Trinity Church Square is a Georgian garden square to the south of the River Thames in the Newington district of the London Borough of Southwark. At the centre of the square stands Trinity Church, taking its name from the Corporation of Trinity House, which acquired the freehold of the Newington estate in 1660 and has devoted the rents and other income of the estate to charitable purposes for more than 450 years. In these proceedings the applicant, Trinity Church Square Freehold Limited, was the nominee purchaser entitled to acquire the freehold interest in three adjoining town houses (now converted into flats) at 4-6 Trinity Church Square from the Corporation under Chapter I of Part I of the Leasehold Reform, Housing and Urban Development Act 1993.
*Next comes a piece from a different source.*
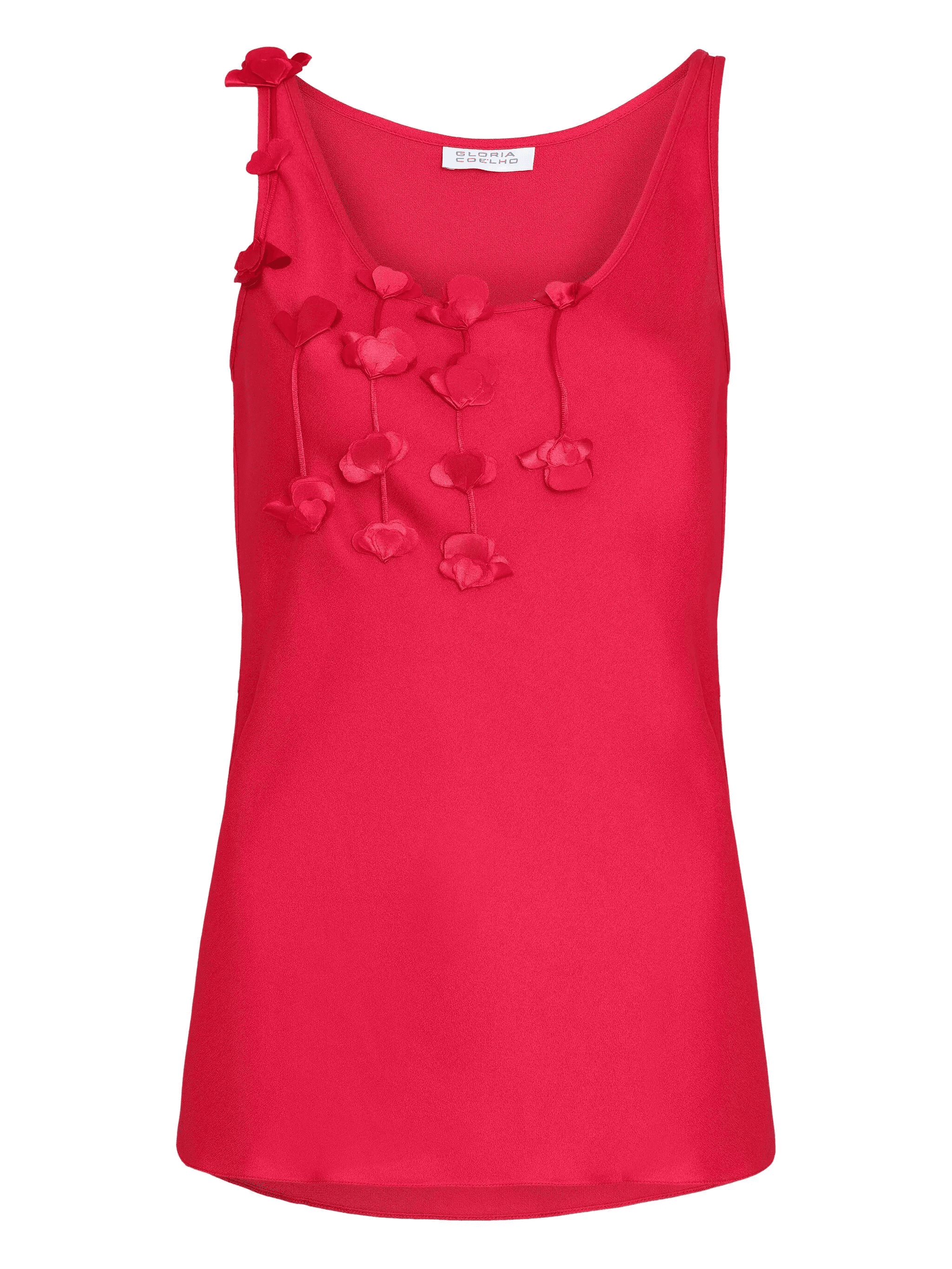 flower-embellished blouse - Image 1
At the rear of 4-6 Trinity Church Square is a garden which the lessees of flats in the building were entitled to use under a licence contained in their leases. It was an express term of the licence that it could be revoked by the Corporation at any time. It was agreed that on the transfer to the nominee purchaser of the freehold in the building, the Corporation would retain the freehold of the garden, subject to the right of the lessees to continue to use it. The main issue was whether the rights to be granted over the garden would continue to be revocable, as the Corporation proposed, or would become irrevocable, as the nominee purchaser sought. There were also some other small issues on the detailed terms of the transfer, including whether the Corporation should continue to have the power to make regulations concerning the use of the garden even though no such regulations were in force and none had ever been made.
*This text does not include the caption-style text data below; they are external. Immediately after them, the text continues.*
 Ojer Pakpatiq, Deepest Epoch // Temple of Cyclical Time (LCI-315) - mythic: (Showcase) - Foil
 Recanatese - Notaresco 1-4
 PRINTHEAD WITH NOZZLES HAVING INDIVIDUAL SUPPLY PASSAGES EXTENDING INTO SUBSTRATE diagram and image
The main issue arose because section 1(4)(a) of the Act entitles the Corporation to retain the freehold of the garden if it offers in lieu such “permanent rights as will ensure that thereafter the occupier of the flat … has as nearly as may be the same rights” as those enjoyed when the process of acquisition commenced.
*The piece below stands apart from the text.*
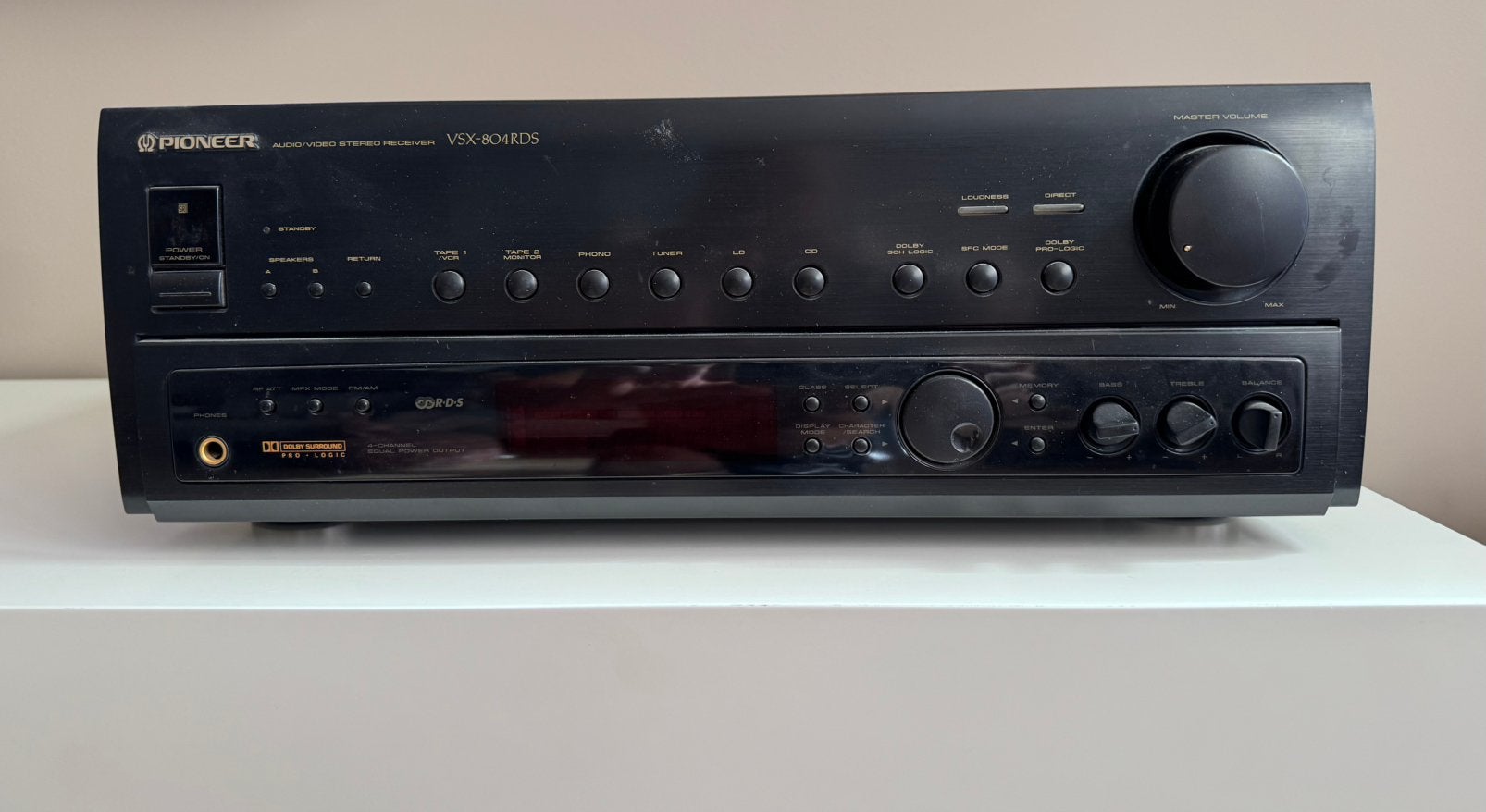 Pioneer VSX-804RDS audio/video stereo ontvanger, Ophalen, Gebruikt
The Upper Tribunal concluded that for the Corporation to avoid the need to transfer the freehold of the garden to the nominee purchaser, the right to use the garden must become irrevocable as otherwise it would not be “permanent” as required by section 1(4)(a). It said that participating tenants, undertaking a collective enfranchisement of their development, were therefore entitled to be granted an irrevocable right to use the garden over which they previously had a revocable licence to use. The Tribunal also decided that the requirement of equivalence in section 1(4)(a) meant that the rights conferred by the lease should continue to be enjoyed subject to the same restrictions as existed at the time the process of acquisition began, and subject also to any power of the Corporation existing on that date to regulate the enjoyment of the rights (i.e., to make regulations governing the use of the garden), whether or not the power had yet been exercised.